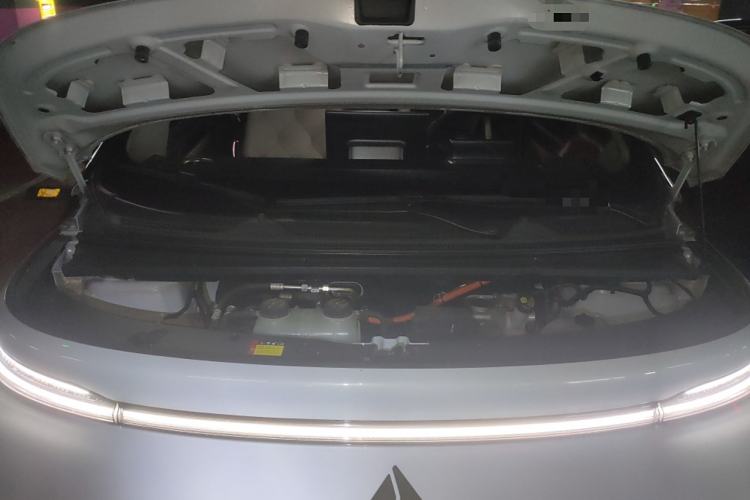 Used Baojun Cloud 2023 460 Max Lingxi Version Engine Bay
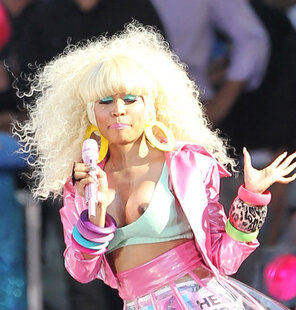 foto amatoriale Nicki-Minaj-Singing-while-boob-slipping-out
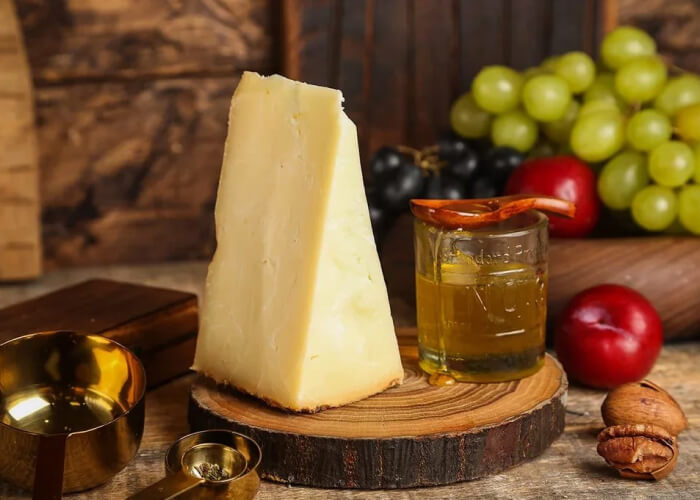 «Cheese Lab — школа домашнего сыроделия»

□ □ □

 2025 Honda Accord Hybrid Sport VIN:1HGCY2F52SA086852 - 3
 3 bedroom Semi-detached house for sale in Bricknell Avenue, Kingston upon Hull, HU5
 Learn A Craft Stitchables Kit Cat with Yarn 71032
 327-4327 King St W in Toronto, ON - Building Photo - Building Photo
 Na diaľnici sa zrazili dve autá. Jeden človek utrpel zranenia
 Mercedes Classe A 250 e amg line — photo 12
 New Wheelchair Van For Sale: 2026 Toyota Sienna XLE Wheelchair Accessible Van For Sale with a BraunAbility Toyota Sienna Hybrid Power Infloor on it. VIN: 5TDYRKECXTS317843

□ □ □

▶ _What you will do_
Word for word, restate the lines above from the line containing "Learn A Craft" through the line containing "Mercedes Classe A 250 e amg line — photo 12", with both included and nothing else.

▶ _Result below_
 Learn A Craft Stitchables Kit Cat with Yarn 71032
 327-4327 King St W in Toronto, ON - Building Photo - Building Photo
 Na diaľnici sa zrazili dve autá. Jeden človek utrpel zranenia
 Mercedes Classe A 250 e amg line — photo 12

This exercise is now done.